Meet FRED: America’s Most Awesome Open Data Site

     

Do you know FRED? If you’re an advocate for open government and open data, you definitely should. Reinvent Albany has spent the last year looking at government open data sites around the world, and FRED is one of the best. FRED is short for Federal Reserve Economic Data, and it’s an online database managed by the Federal Reserve of St. Louis; it contains over 61,000 economic data sets from 48 sources. FRED’s site helps a range of users find data and use it via multiple searching and browsing options, APIs with numerous software wrappers, mobile apps, maps, a cool Excel add-in, developer page. Also: an About page which describes the evolution of the site and the thinking behind its design and implementation.
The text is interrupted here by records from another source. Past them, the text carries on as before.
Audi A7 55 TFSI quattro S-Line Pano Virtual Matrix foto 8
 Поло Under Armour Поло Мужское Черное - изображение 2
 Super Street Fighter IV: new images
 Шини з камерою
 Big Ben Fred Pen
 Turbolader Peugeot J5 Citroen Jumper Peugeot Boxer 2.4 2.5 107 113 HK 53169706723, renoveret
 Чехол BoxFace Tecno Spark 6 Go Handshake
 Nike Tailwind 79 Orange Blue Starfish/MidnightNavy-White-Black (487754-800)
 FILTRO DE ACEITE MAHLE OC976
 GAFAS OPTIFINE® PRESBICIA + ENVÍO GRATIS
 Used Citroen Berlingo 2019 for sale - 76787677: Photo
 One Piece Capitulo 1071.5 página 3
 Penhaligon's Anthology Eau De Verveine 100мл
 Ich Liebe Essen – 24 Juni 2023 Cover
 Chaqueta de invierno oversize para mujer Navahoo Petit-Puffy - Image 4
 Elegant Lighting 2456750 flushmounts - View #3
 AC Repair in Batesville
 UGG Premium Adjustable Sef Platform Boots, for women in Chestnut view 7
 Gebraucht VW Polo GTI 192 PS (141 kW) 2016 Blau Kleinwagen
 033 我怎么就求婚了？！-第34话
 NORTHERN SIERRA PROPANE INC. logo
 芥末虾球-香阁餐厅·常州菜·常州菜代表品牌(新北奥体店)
In fact, FRED is so good at making data available that many people — two million annual users — rely on its APIs, RSS and Excel feature to update data originally generated by other government or banking sources.

FRED’s open data offering is so strong because the St. Louis Fed is using the data it’s sharing with the public. Therefore, FRED faces internal pressure to evolve and improve. Internal use is especially important for government open data approaches, because they do not otherwise have the same kind of strong public feedback signals that commercial sites get from selling advertising space or making online sales. FRED also benefits from serving an audience only looking for econometric data: it doesn’t have to be all things to all people like data.gov or the NYC Open Data site do.

So, while FRED does lots of things right, it is best as a model for agencies that produce large amounts of data which they themselves use. A FRED-like website  would be a boon for the state comptroller, Division of the Budget, State Health Department, Department of Environmental Conservation, Department of Labor, and Independent Budget Office, among other data intensive agencies.

Lastly, FRED also includes a huge amount of archival data, including U.S. Ice cream production, which the Economist recently wrote about, and compared with industrial production.